Angela Ives, Lesley Millar, Mary Theophilus, Christobel Saunders
Introduction
The Continuous Improvement in Care – Cancer (CIC Cancer) Project is a multi-institutional program of research that seeks to bring value-based health care (VBHC) to public and private healthcare settings in Western Australia (WA) across four tumour streams – including colorectal cancer – and five hospital sites. To achieve this aim, patient-reported outcomes (PROMs) based on the ICHOM standard dataset are collected electronically via a bespoke, open source, informatics system embedded within the IT environments of both the public and private sites.
Data visualisation within this informatics system allows PROMS to be used during individual patient consultations to highlight issues and understand how well a patient is coping. De-identified data is also routinely extracted, and in-depth analysis is undertaken to identify trends in patient symptoms and function.
Method
Patients diagnosed with colorectal cancer were recruited to the CIC Cancer project at two sites within WA – one public and the other a private hospital contracted to provide public hospital care as well as private care. The sites commenced data capture at different time points, and this is reflected in the follow-up data points captured.

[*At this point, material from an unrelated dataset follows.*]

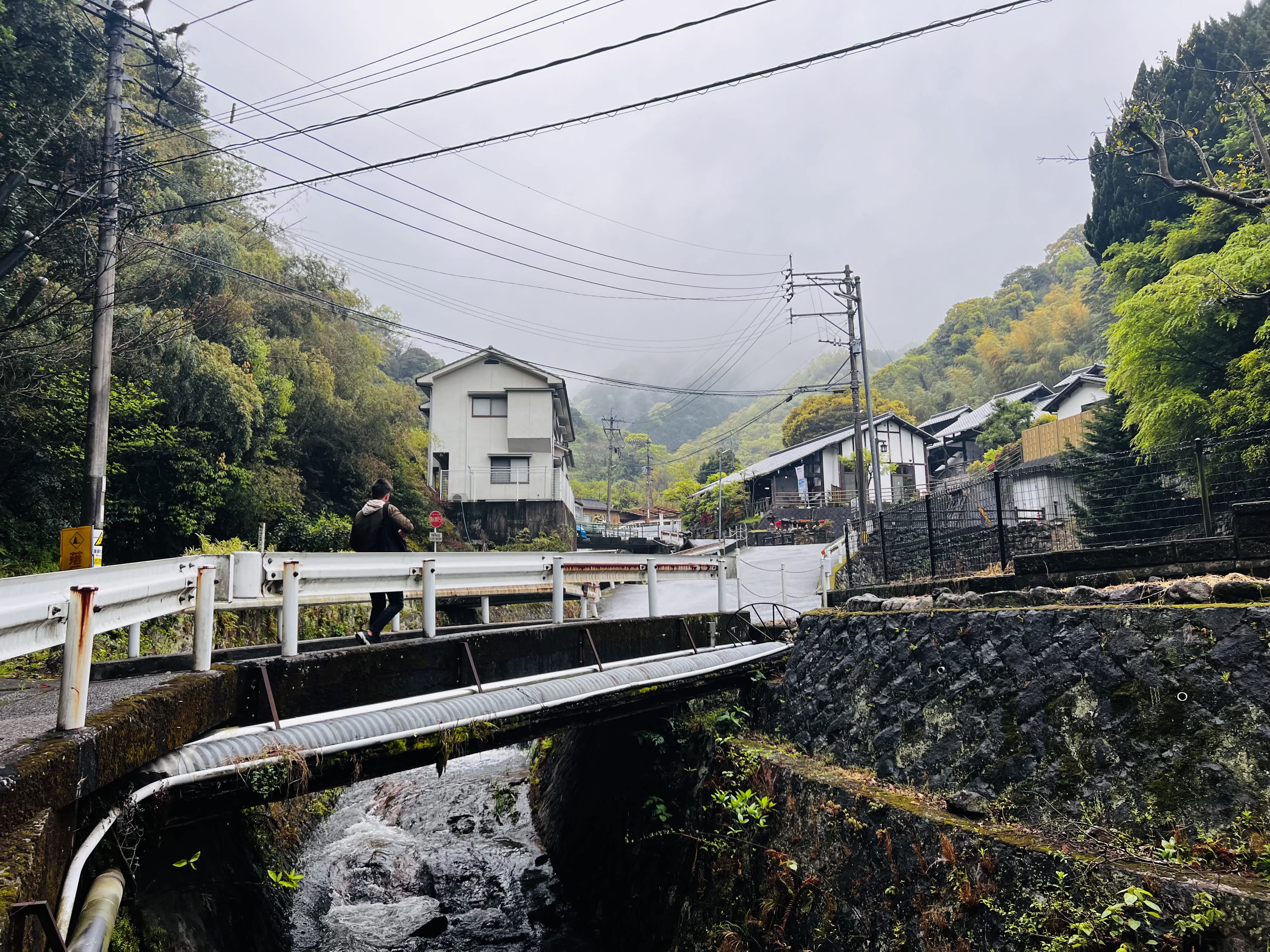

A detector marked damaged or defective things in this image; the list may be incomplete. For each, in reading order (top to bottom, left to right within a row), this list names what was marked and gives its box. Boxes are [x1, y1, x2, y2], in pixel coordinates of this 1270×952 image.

Clinical teams involved in the CIC project implementation anecdotally reported that when the patient completes PROMs, prior to/during an appointment, these questions start a discussion – particularly when a nurse-led interaction is included within the standard consultation processes. Recent interim analysis of EORTC-QLQ-C30 PROMs collected from these colorectal cancer patients has identified interesting differences that provide evidence of the benefits of these nurse-led interactions at publicly and privately run hospitals.
Results
A total of 218 patients were recruited to the CIC research project at diagnosis (baseline). These were split approximately 2:1 across two sites – Site A (privately operated hospital) and Site B (publicly operated hospital). Approximately half of the participants had completed PROMs at both baseline and six months at each site. The age profile was similar, but Site A had fewer females.

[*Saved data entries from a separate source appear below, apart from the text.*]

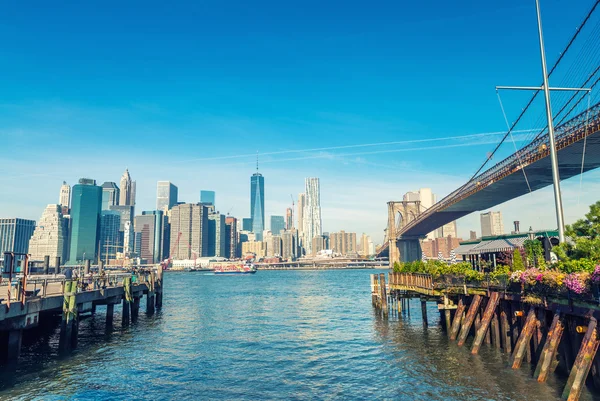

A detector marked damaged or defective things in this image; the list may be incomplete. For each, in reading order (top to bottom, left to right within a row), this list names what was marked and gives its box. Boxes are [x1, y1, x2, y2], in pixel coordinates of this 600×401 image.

rusty metal post [458, 294, 486, 346]
rusty metal post [472, 290, 500, 354]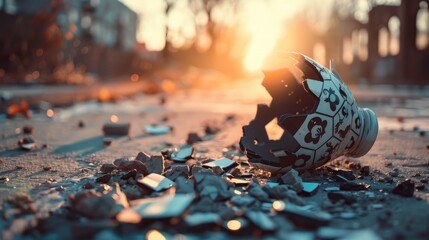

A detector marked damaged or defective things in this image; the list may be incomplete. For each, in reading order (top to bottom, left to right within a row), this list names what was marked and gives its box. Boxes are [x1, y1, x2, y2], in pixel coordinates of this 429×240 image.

broken ceramic vase [239, 53, 376, 172]
shattered pottery piece [241, 53, 378, 172]
shattered pottery piece [170, 145, 193, 162]
shattered pottery piece [137, 172, 174, 191]
shattered pottery piece [280, 170, 304, 192]
shattered pottery piece [392, 178, 414, 197]
shattered pottery piece [127, 194, 194, 218]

A review of the EORTC-QLQ-C30 scores found that all function scores – physical functioning, role functioning, emotional functioning, cognitive functioning, and social functioning scores – for Site A improved at six months compared to Site B. This improvement was seen regardless of the baseline score. In addition, all symptom scores – fatigue, nausea and vomiting, pain, dyspnoea, insomnia, appetite loss, constipation, diarrhoea, and financial difficulties – for Site A improved at six months when compared to Site B; again, regardless of baseline scores. Overall, despite the global health status being lower at Site A at baseline, the improvement in global health status was greater than at Site B at six months.

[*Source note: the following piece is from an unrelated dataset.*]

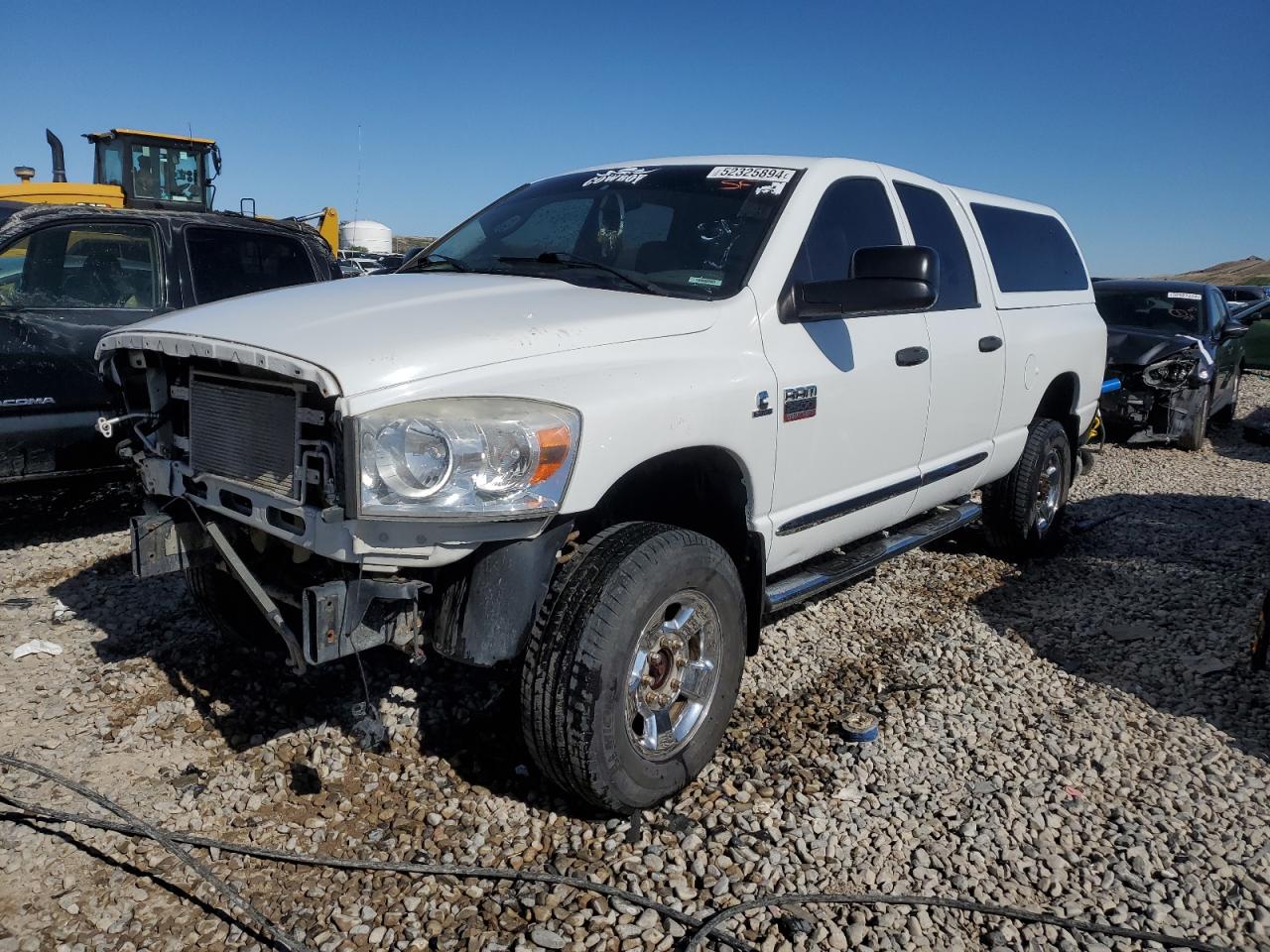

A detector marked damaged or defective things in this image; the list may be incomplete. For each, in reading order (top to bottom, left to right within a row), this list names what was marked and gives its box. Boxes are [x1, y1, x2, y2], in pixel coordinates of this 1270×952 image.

wrecked black car [0, 200, 337, 484]
wrecked black car [1095, 280, 1246, 450]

We explored variables that may have led to these differences. Stoma rates were comparable between sites (Site A - 28.6% had a stoma in place at six months, Site B -27.3%) and medical personnel largely work across both sites; thus, these factors are unlikely to be the cause of variation. The key difference appeared to be the increased involvement of nurse specialists in the review and assessment of patient’s wellbeing at Site A, where they can provide continuous support as well as coordinate care and navigate healthcare systems. Nurse specialists asking their patients the PROMs questions potentially allowed provision of immediate support and ongoing identification and management of patient’s needs.
Conclusions
This analysis of PROMs completed by patients with colorectal cancer is exploratory, and further information is required. It is hoped, however, that this information is sufficiently indicative of the potential benefits of nurse-led interactions in patients’ completing PROMS at clinic appointments that a trial can be commenced at Site B to further elucidate this effect.